(RECORDS SUPPLIED)

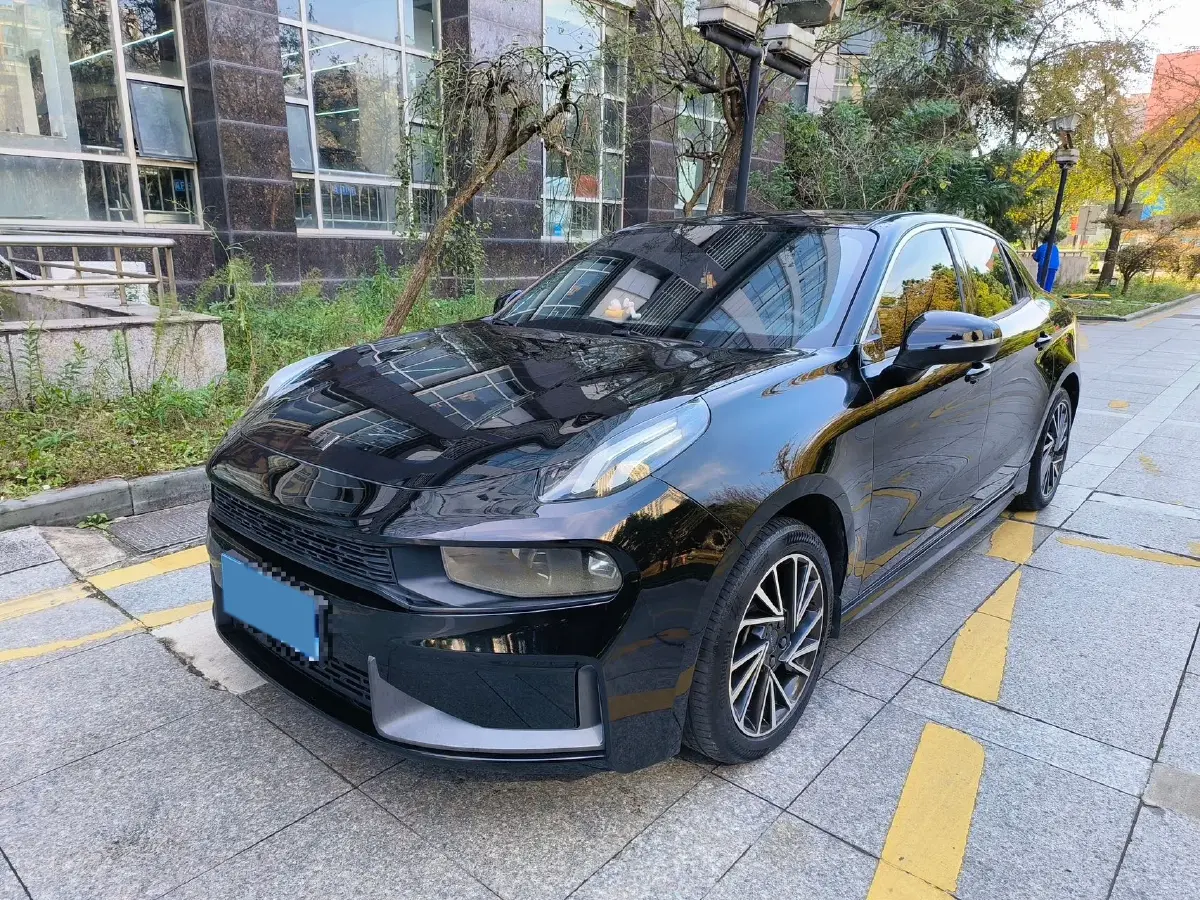 2021 LYNK&CO 03 1.5T 180HP L3 7DCT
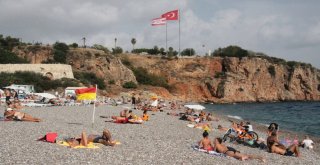 Antalyada Deniz, Kum Ve Güneş Sezonu Kapanmadı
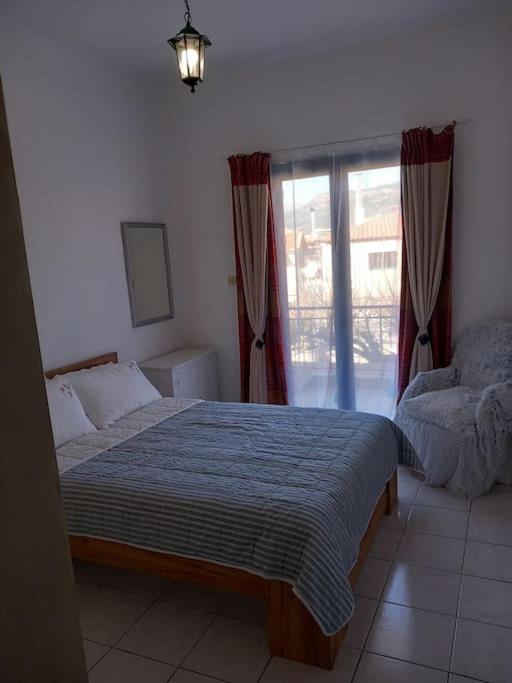 Stoupa Beachside Retro Apartment Exterior foto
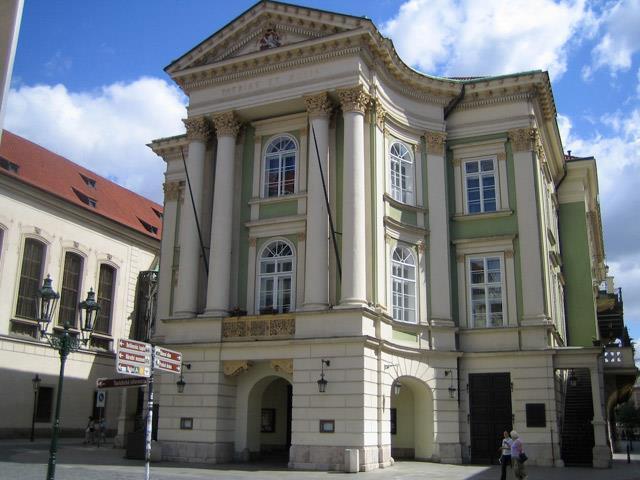 Klasicistní budova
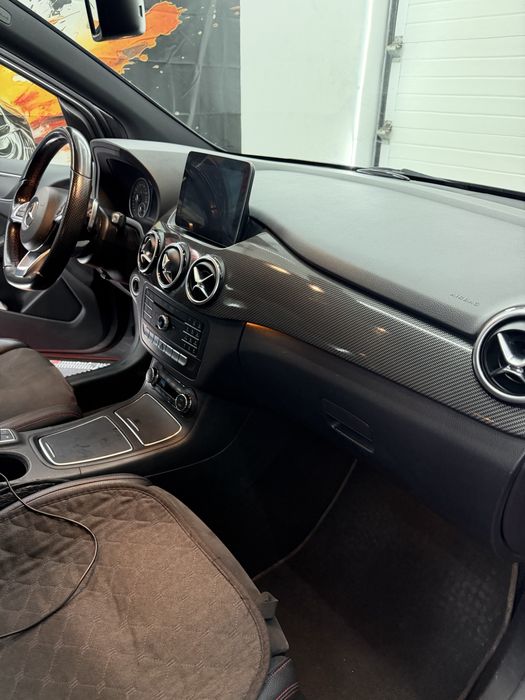 Mercedes -Benz B 200 7G-DCT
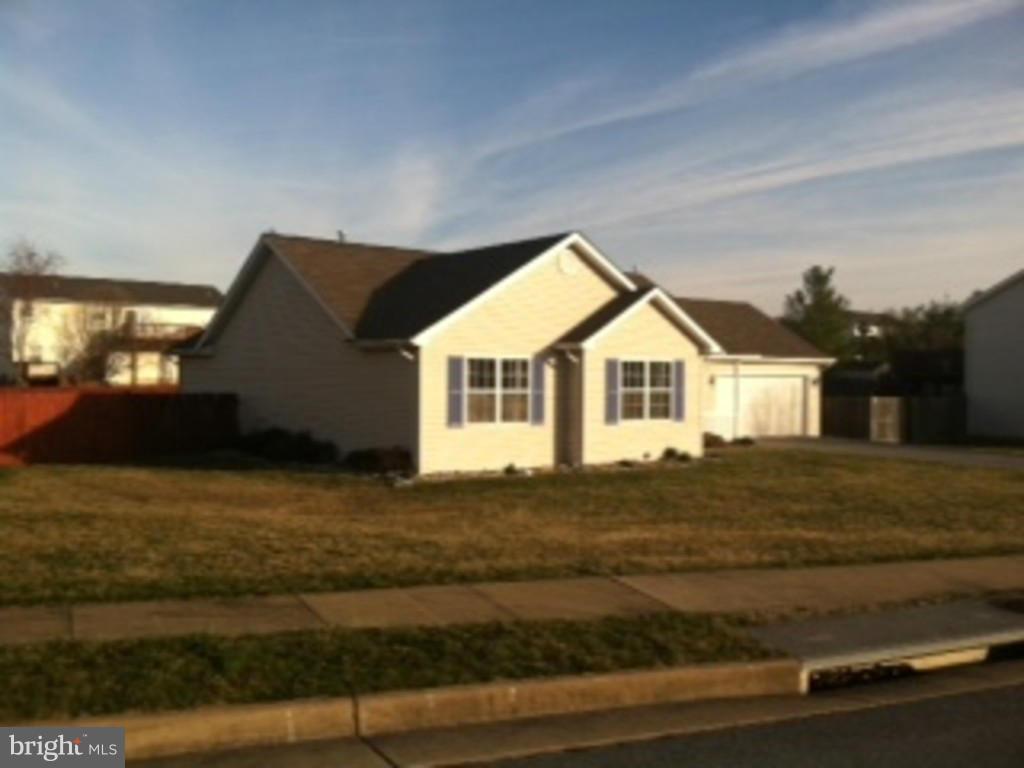 203 Goldenrod Road Winchester, VA 22602 - Photo 2 of 30 Exterior (Front)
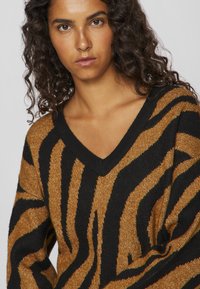 VILA VICILIA  - Pulover - black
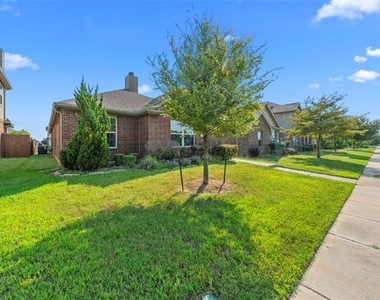 9120 Eastwood Avenue - Photo Thumbnail 12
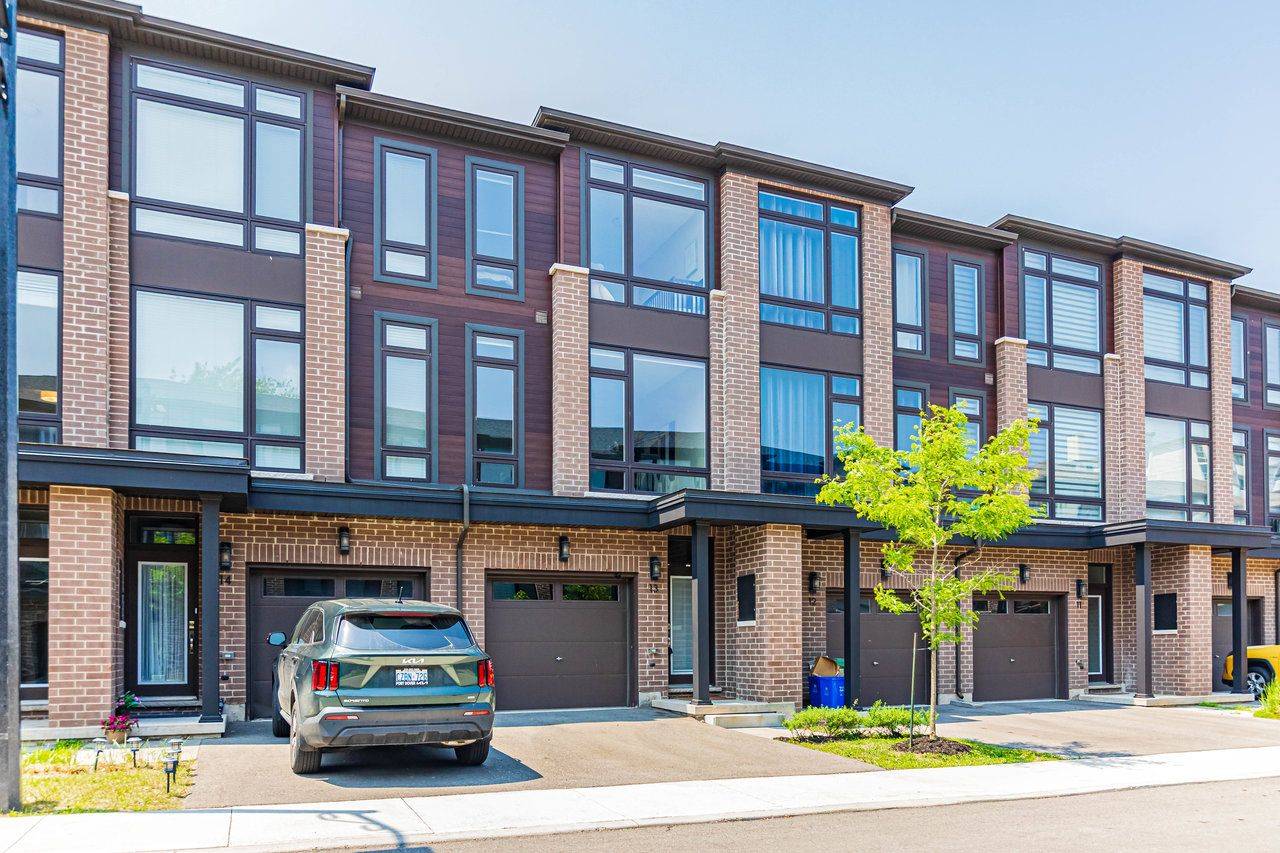 Hamilton, ON L8H 0B4,270 Melvin AVE #13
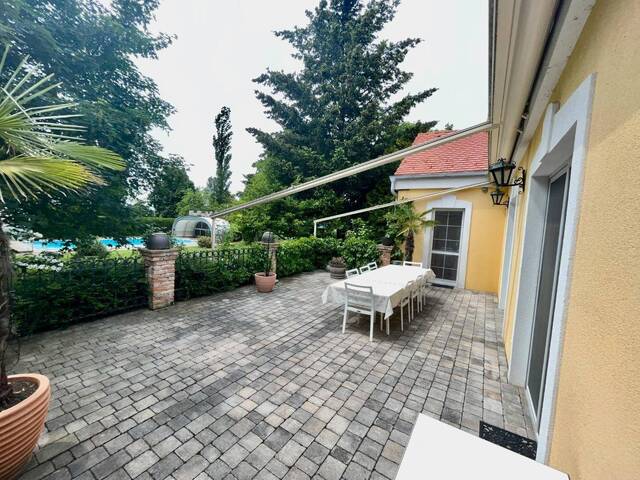 Immobilie in Pamhagen - JETZT die Gelegenheit nutzen: Reiterparadies in Ungarn - Traumvilla OHNE Nachbarn - 8 Hektar Traumgrund mit Entwicklungspotenzial - 1h von Wien/15 Minuten zur Grenze Pamhagen - Bild 4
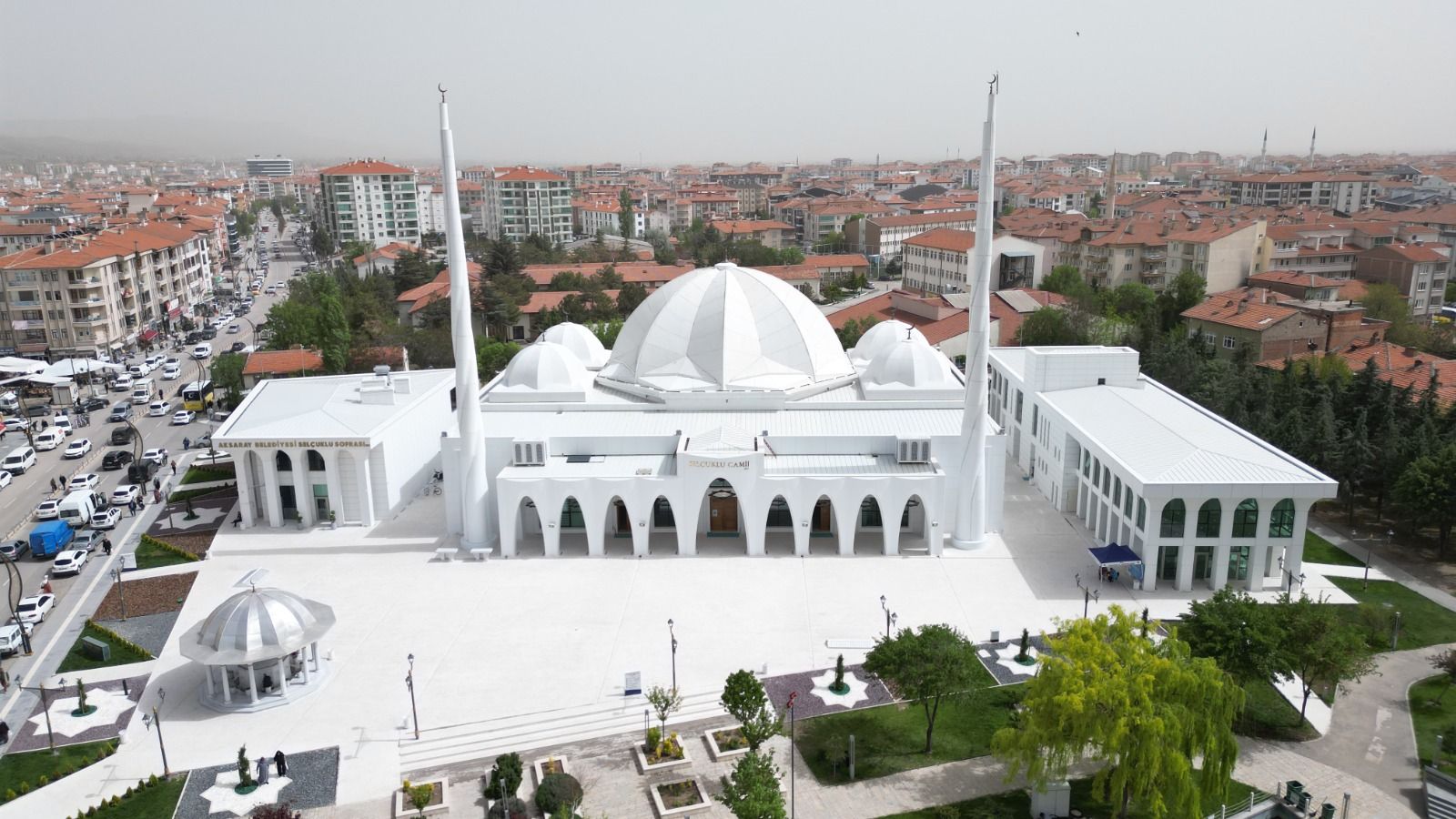 SELÇUKLU SOSYAL TESİSİ HİZMETE AÇILDI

(End RECORDS SUPPLIED)

* **REQUIRED ACTION**:
No pictures should appear in the answer, which is to be the lines from the line with "Klasicistní budova" through the end of the records above, restated exactly.

* **ANSWER TO THIS EXERCISE**:
 Klasicistní budova
 Mercedes -Benz B 200 7G-DCT
 203 Goldenrod Road Winchester, VA 22602 - Photo 2 of 30 Exterior (Front)
 VILA VICILIA  - Pulover - black
 9120 Eastwood Avenue - Photo Thumbnail 12
 Hamilton, ON L8H 0B4,270 Melvin AVE #13
 Immobilie in Pamhagen - JETZT die Gelegenheit nutzen: Reiterparadies in Ungarn - Traumvilla OHNE Nachbarn - 8 Hektar Traumgrund mit Entwicklungspotenzial - 1h von Wien/15 Minuten zur Grenze Pamhagen - Bild 4
 SELÇUKLU SOSYAL TESİSİ HİZMETE AÇILDI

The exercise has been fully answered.